Quelles sont les zones que ce traité doit protéger ?
En partant de votre serviette de plage, les 22 premiers kilomètres constituent la mer territoriale du pays où vous vous trouvez. Ensuite, sa zone économique exclusive (ZEE) s'étend jusqu'à 200 milles nautiques (soir environ 370 km). Mais quid de l'immensité qui s'étend au-delà de ces frontières, réglementées depuis 1982 par la Convention de Montego Bay ? Ces "zones ne relevant pas de la juridiction nationale" sont justement l'objet du traité.
Au sein de cette surface immense, aucun Etat ne peut prétendre asseoir sa souveraineté ni faire valoir sa juridiction. Le principe dit "de liberté des mers" y consacre pour tous "la liberté de navigation, de survol, de pose de câbles et pipelines sous-marins, de création d'îles artificielles autorisées par le droit international, de pêche et de recherche scientifique", rappelle le site gouvernemental vie-publique.fr. Ainsi, puisque la haute mer n'appartient à personne, elle appartient à tout le monde. Or les pollutions (dont les plastiques), la surpêche, les canicules marines dévastatrices et les convoitises en tout genre des multinationales, ne s'arrêtent pas à la bouée rouge.

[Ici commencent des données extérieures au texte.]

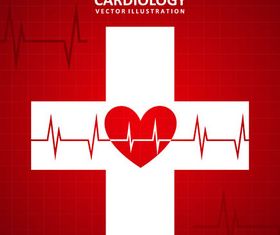 Medical Color Backgrounds vectors graphic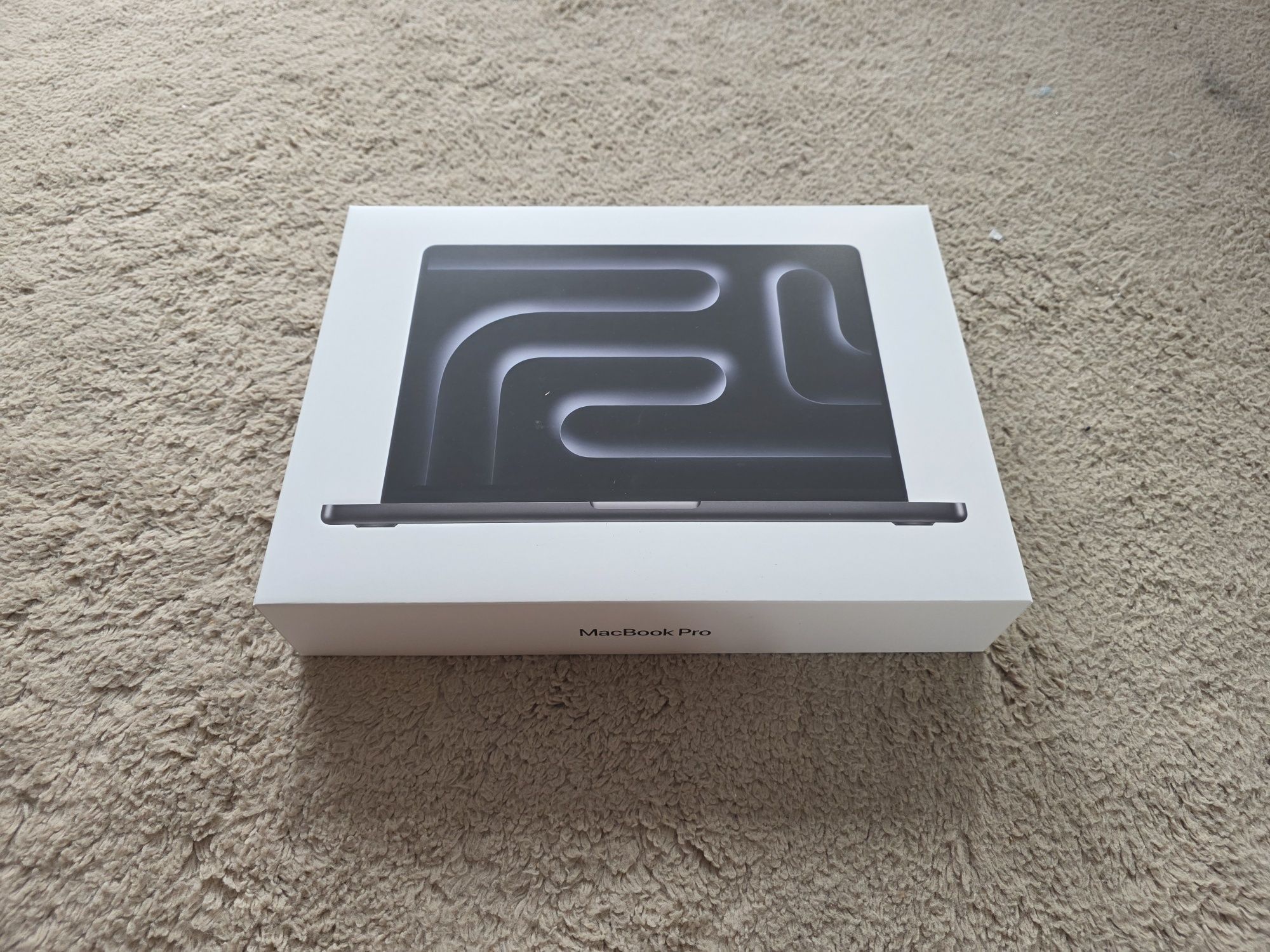 Macbook PRO 14 M4 PRO 512GB 24GB NOWY Zaplombowany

Que prévoit concrètement ce traité ?
Si la haute mer appartient à tout le monde, c'est donc à la communauté internationale tout entière d'en prendre soin. Dans ce traité de 53 pages, l'ONU établit ainsi les règles de ces surfaces partagées. Les pays signataires du traité (appellés "parties" dans le langage des Nations unies) doivent coopérer pour protéger ces espaces, en travaillant à identifier et gérer des aires marines protégées, ou en y régulant si besoin certaines activités, comme la pêche, le transport maritime, l'exploitation de ressources minières ou la recherche scientifique.
Une fois le traité entré en vigueur, "il permettra la création de réseaux d'aires marines protégées. Mais il garantira également qu'aucune nouvelle activité ayant un impact significatif sur la vie marine ne puisse être entreprise sans une évaluation d'impact", s'est enthousiasmée Jessica Battle, experte principale en gouvernance et politiques mondiales des océans du Fonds mondial pour la nature (WWF), lors d'une réunion à Nice consacrée à cette course contre la montre pour protéger ces écosystèmes longtemps négligés.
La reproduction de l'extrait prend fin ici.